Prove by induction that $n^3 + 11n$ is divisible by $6$ for every positive integer $n$.

Prove by induction that $n^3 + 11n$ is divisible by $6$ for every positive integer $n$.

I've started by letting $P(n) = n^3+11n$

$P(1)=12$ (divisible by 6, so $P(1)$ is true.)

Assume $P(k)=k^3+11k$ is divisible by 6.

$P(k+1)=(k+1)^3+11(k+1)=k^3+3k^2+3k+1+11k+11=(k^3+11k)+(3k^2+3k+12)$

Since $P(k)$ is true, $(k^3+11k)$ is divisible by 6 but I can't show that $(3k^2+3k+12)$ is divisible by 6

For any positive integer $n$, let $S(n)$ denote the statement $$ S(n) : 6\mid (n^3+11n). $$

Base step: For $n=1, S(1)$ gives $1^3+11(1) = 12 = 2\cdot 6$. Thus, $S(1)$ holds.
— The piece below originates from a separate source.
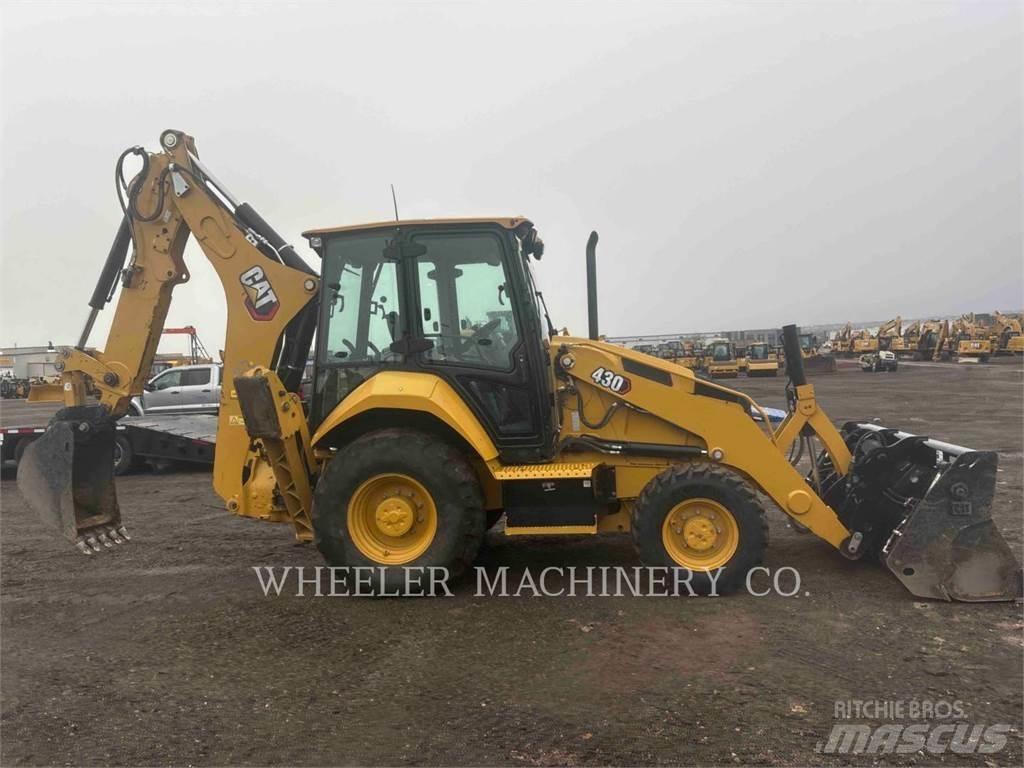 CAT 430 IT CF Rýpadlo-nakladače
Inductive step: Let $k\geq 1$ be fixed, and suppose that $S(k)$ holds; in particular, let $\ell$ be an integer with $6\ell = k^3+11k$. Then \begin{align} (k+1)^3 + 11(k+1) &= (k^3+3k^2+3k+1) + (11k+11)\tag{expand}\\[0.5em] &= \color{red}{k^3+11k}+3k^2+3k+12\tag{rearrange}\\[0.5em] &= \color{red}{6\ell} + 3k(k+1)+2\cdot 6.\tag{by ind. hyp.} \end{align} Since one of $k$ and $k+1$ is even, the term $3k(k+1)$ is divisible by $6$, and so the last expression above is divisible by $6$. This proves $S(k+1)$ and concludes the inductive step $S(k)\to S(k+1)$.

By mathematical induction, for each $n\geq 1$, the statement $S(n)$ is true. $\blacksquare$

$$3k^2 + 3k + 12=3(k^2 + k +4)= 3(k(k+1)+4)$$

Can you see why $k(k+1)$ and $4$ are each divisible by $2$?
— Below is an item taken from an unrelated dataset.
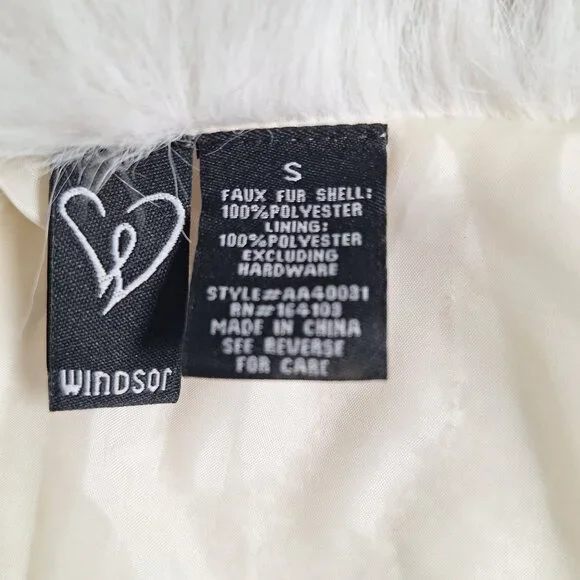 Faux Fur white Cropped Jacket size small - Picture 3 of 4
At least one of $k, k+1$ is even, as is $4$, hence $2$ divides $(k(k+1)+4)$, and with three as a factor of $\color{blue}{3}(k(k+1)+ 4)$, we have $$2\cdot 3 = 6\mid (3k^2 + 3k + 12).$$

First, show that this is true for $n=1$:

$1^3+11=6\cdot2$

Second, assume that this is true for $n$:

$n^3+11n=6k$

Third, prove that this is true for $n+1$:

$(n+1)^3+11(n+1)=$

$n^3+3n^2+14n+12=$

$\color{red}{n^3+11n}+3n^2+3n+12=$

$\color{red}{6k}+3n^2+3n+12=$

$6k+3n(n+1)+12=$

• $2 |n\implies6|3n \implies6|3n(n+1)\implies3n(n+1)=6m$
• $2\not|n\implies2|n+1\implies6|3n(n+1)\implies3n(n+1)=6m$

$6k+6m+12=$

$6(k+m+2)$

Please note that the assumption is used only in the part marked red.
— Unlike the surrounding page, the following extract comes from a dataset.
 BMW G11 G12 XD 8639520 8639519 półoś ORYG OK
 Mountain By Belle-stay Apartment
Alternatively, consider the following options:

• $n\equiv0\pmod6 \implies n^3+11n\equiv 0+ 0\equiv6\cdot 0\equiv0\pmod6$
• $n\equiv1\pmod6 \implies n^3+11n\equiv 1+11\equiv6\cdot 2\equiv0\pmod6$
• $n\equiv2\pmod6 \implies n^3+11n\equiv 8+22\equiv6\cdot 5\equiv0\pmod6$
• $n\equiv3\pmod6 \implies n^3+11n\equiv 27+33\equiv6\cdot10\equiv0\pmod6$
• $n\equiv4\pmod6 \implies n^3+11n\equiv 64+44\equiv6\cdot18\equiv0\pmod6$
• $n\equiv5\pmod6 \implies n^3+11n\equiv125+55\equiv6\cdot30\equiv0\pmod6$

Since $n^{3} + 11n = 6m$ for some integer $m,$ we have $$(n+1)^{3} + 11(n+1) = 6m + 3n^{2} + 3n + 12 = 6m + 12 + 3(n^{2} + n).$$ It suffices to prove that $3(n^{2} + n)$ is a multiple of $6$. But, since if $n$ is odd then $n^{2} + n = 2m'$ for some integer $m'$ and if $n$ is even then of course $n^{2} + n = 2m''$ for some integer $m'',$ it follows that $6$ is indeed a multiple of $3(n^{2}+n),$ qed.

I want to give a direct proof:

$n^3+11n=(n-1)n(n+1)+12n$

Note: a product of three consecutive integers needs to divisible by 6.